The cockpit itself is comfortable, even though the only padded part of the seat is the seat back, which is adjustable to your liking. If you find the seat bottom too hard, you can add your own seat, if desired.
The Rush 90 performs best on calm lakes or slow-moving rivers. While it doesn’t take on much water during rough conditions, it has a hard time tracking and staying straight when it comes up against any kind of resistance. Beginners are probably best left to calmer waters, anyway, but if you start feeling more confident in your skills on rougher water, you might want to use a different kayak.

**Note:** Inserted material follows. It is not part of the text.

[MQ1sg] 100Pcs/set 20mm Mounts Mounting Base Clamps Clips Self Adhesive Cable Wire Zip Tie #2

#7 Old Town Canoes & Kayaks Vapor 10 Angler – Best Fishing Kayak for Beginners
- Loaded with tons of cockpit features
- Plenty of storage space
- Incredible stability
- No included accessories
- Drain hole not placed wellability
- No dry storage
The Old Town Canoes & Kayaks Vapor 10 Angler is a fisher’s dream. It gets you closer to the fish without the high expenses that come with owning a full-sized boat. This kayak shines when it comes to all the added convenience it offers through the cockpit features. The cockpit itself is extra roomy, with tons of leg room and floor space for gear storage. It also includes a tray and cupholder.
Storage is another area where this kayak shines. Directly behind the seat is a storage well. While it isn’t covered to provide dry storage, it’s easy enough to purchase a cover to protect your gear that can’t get wet. The kayak also includes webbing for storage directly on the hull. And if you’re worried about your fishing rods, you can place them in a rod holder on either side of your seat.

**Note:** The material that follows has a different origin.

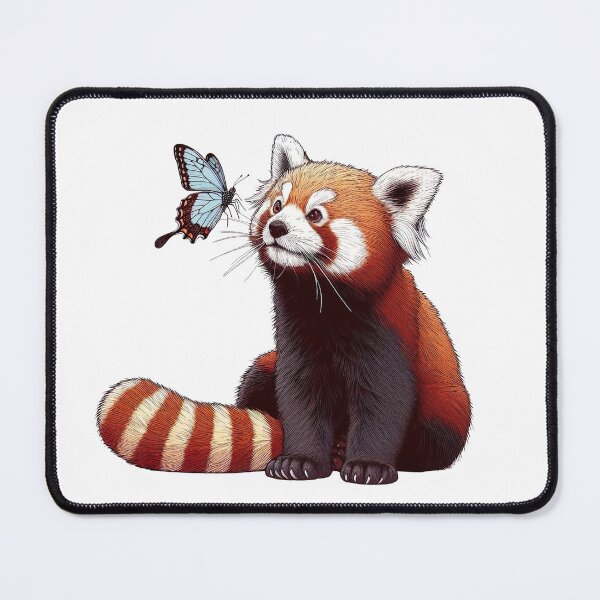 Item preview, Red Panda and Butterfly designed and sold by whimsical-ai.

When it comes to using the kayak, you won’t be unstable on the Vapor 10 Angler. Its hull provides added stability and tracking so you can maneuver easily through the water, even in rougher conditions. This is especially helpful for fishers when they need to move to a different area to follow where the fish are.
Beginners Kayaks Buying Guide
Buying a kayak is hard enough even for the professionals. There are so many different factors that majorly affect the way you use, store and maintain your boats. As you can imagine, buying a kayak can be exponentially harder for those new to the sport. Unfortunately, this learning curve can be steep enough to prevent people from getting out on the water, even if they’re really interested in it.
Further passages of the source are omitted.